» Task description
Beginning at the line that holds "Herverkoop - Bungalow", repeat every line through the last line of the material, exactly, and drop any pictures.

BEGIN Dataset section

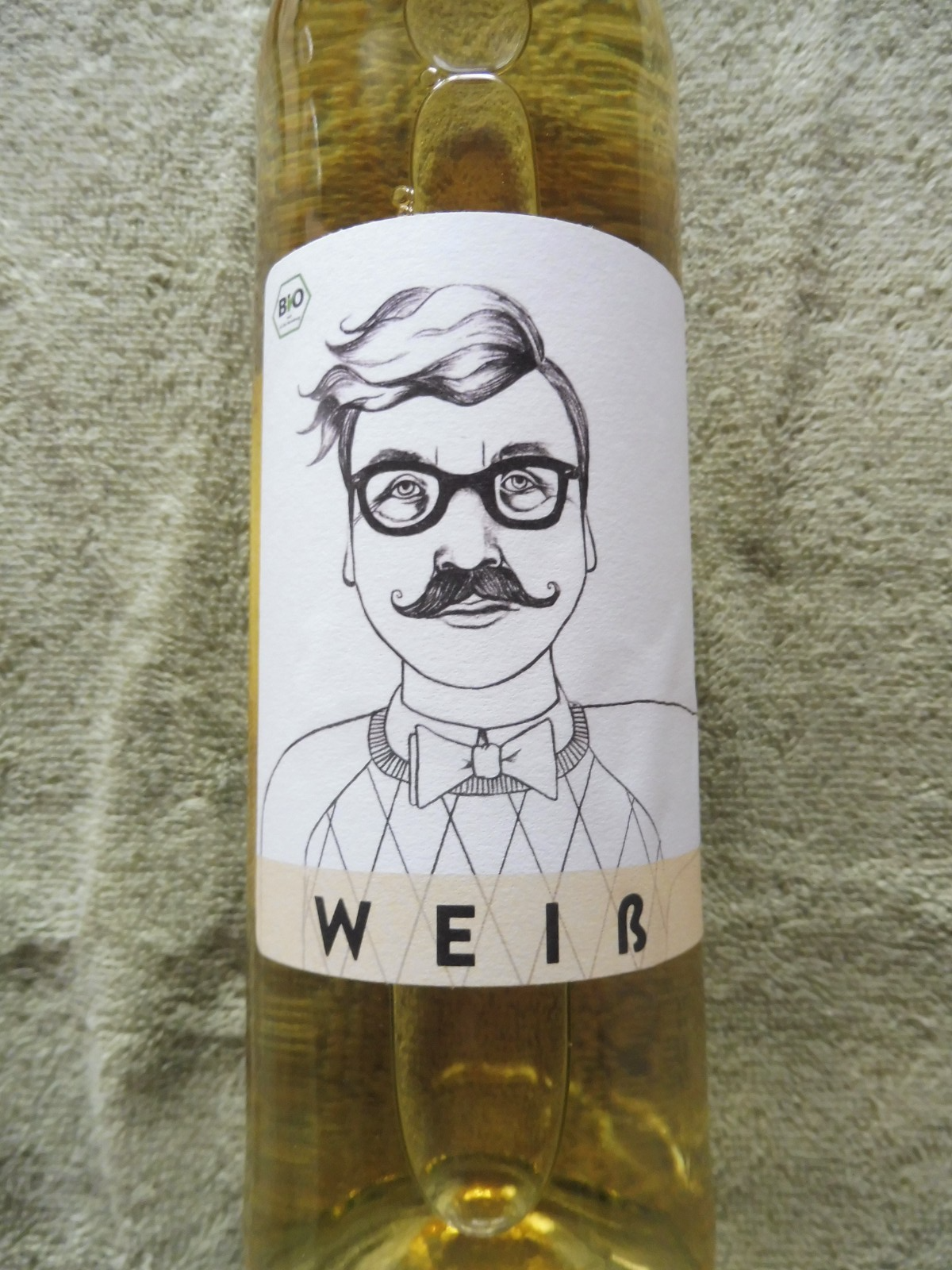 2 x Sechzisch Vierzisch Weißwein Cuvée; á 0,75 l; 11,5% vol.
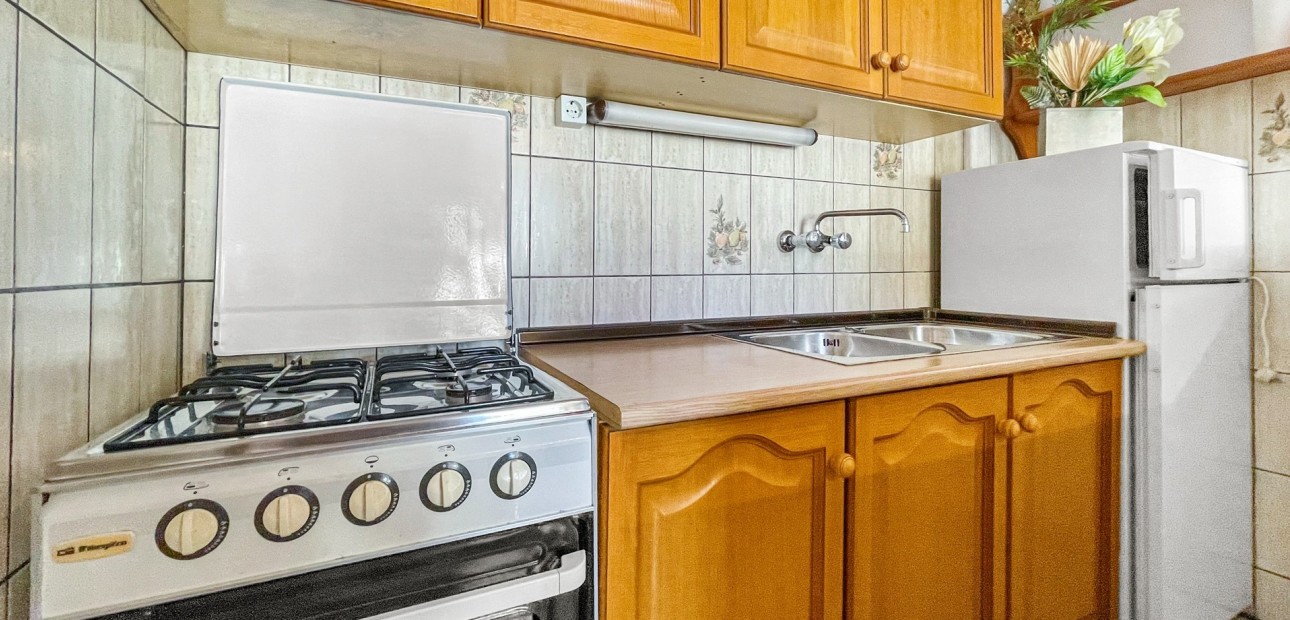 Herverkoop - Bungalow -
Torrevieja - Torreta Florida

END Dataset section

» Exercise output
 Herverkoop - Bungalow -
Torrevieja - Torreta Florida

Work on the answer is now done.